**WHAT THE TASK ASKS:**
Wherever a picture appears in the listing below, leave it out and reproduce the rest exactly.

**SUPPLIED INFORMATION:**
═══

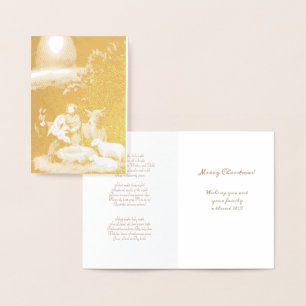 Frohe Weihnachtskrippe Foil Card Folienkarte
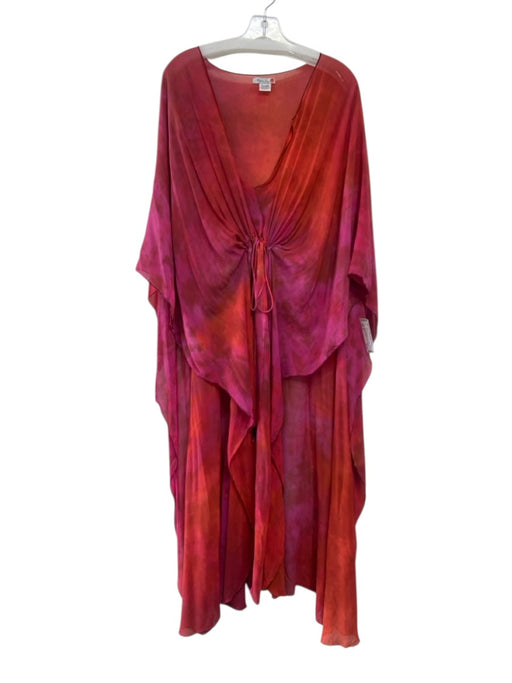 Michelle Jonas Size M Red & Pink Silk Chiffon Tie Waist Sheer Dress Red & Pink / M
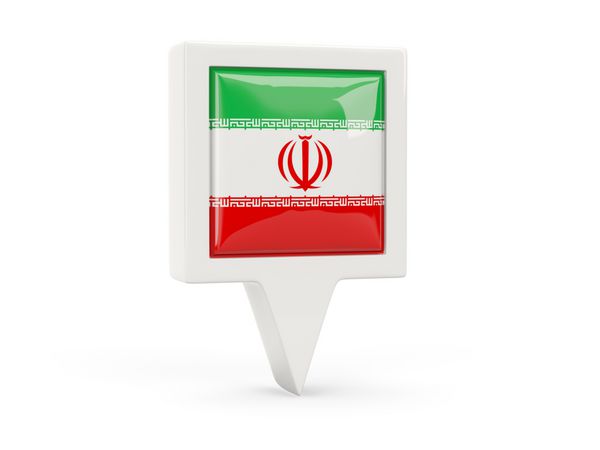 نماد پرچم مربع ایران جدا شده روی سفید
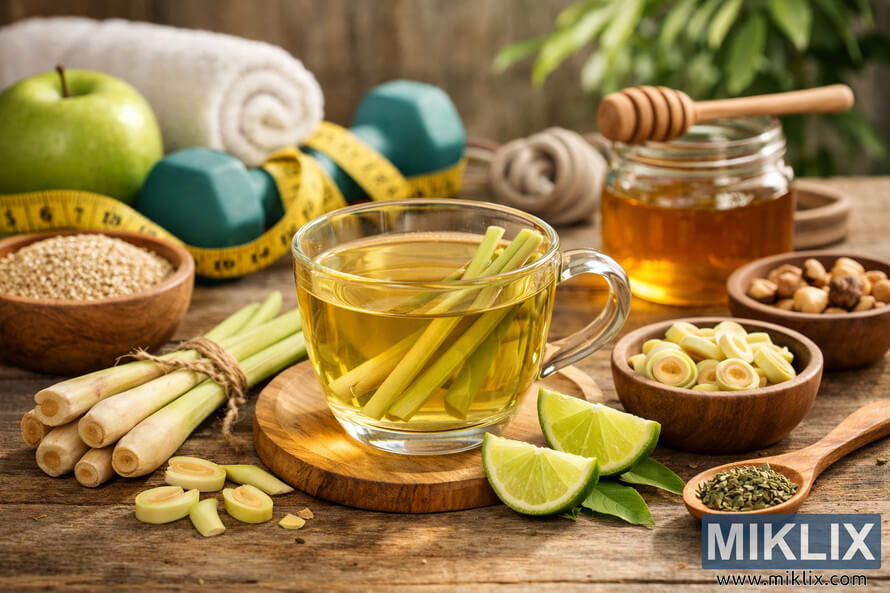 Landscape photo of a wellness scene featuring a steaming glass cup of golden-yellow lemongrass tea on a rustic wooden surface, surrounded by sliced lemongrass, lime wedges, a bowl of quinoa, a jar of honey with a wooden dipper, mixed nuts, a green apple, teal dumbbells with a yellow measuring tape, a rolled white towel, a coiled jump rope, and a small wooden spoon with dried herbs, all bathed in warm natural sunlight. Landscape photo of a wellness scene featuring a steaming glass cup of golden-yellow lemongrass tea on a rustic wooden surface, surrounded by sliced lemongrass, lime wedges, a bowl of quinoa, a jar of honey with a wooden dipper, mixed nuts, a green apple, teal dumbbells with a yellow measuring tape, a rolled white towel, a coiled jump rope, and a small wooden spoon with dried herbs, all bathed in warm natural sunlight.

═══

**WRITTEN SOLUTION:**
 Frohe Weihnachtskrippe Foil Card Folienkarte
 Michelle Jonas Size M Red & Pink Silk Chiffon Tie Waist Sheer Dress Red & Pink / M
 نماد پرچم مربع ایران جدا شده روی سفید
 Landscape photo of a wellness scene featuring a steaming glass cup of golden-yellow lemongrass tea on a rustic wooden surface, surrounded by sliced lemongrass, lime wedges, a bowl of quinoa, a jar of honey with a wooden dipper, mixed nuts, a green apple, teal dumbbells with a yellow measuring tape, a rolled white towel, a coiled jump rope, and a small wooden spoon with dried herbs, all bathed in warm natural sunlight. Landscape photo of a wellness scene featuring a steaming glass cup of golden-yellow lemongrass tea on a rustic wooden surface, surrounded by sliced lemongrass, lime wedges, a bowl of quinoa, a jar of honey with a wooden dipper, mixed nuts, a green apple, teal dumbbells with a yellow measuring tape, a rolled white towel, a coiled jump rope, and a small wooden spoon with dried herbs, all bathed in warm natural sunlight.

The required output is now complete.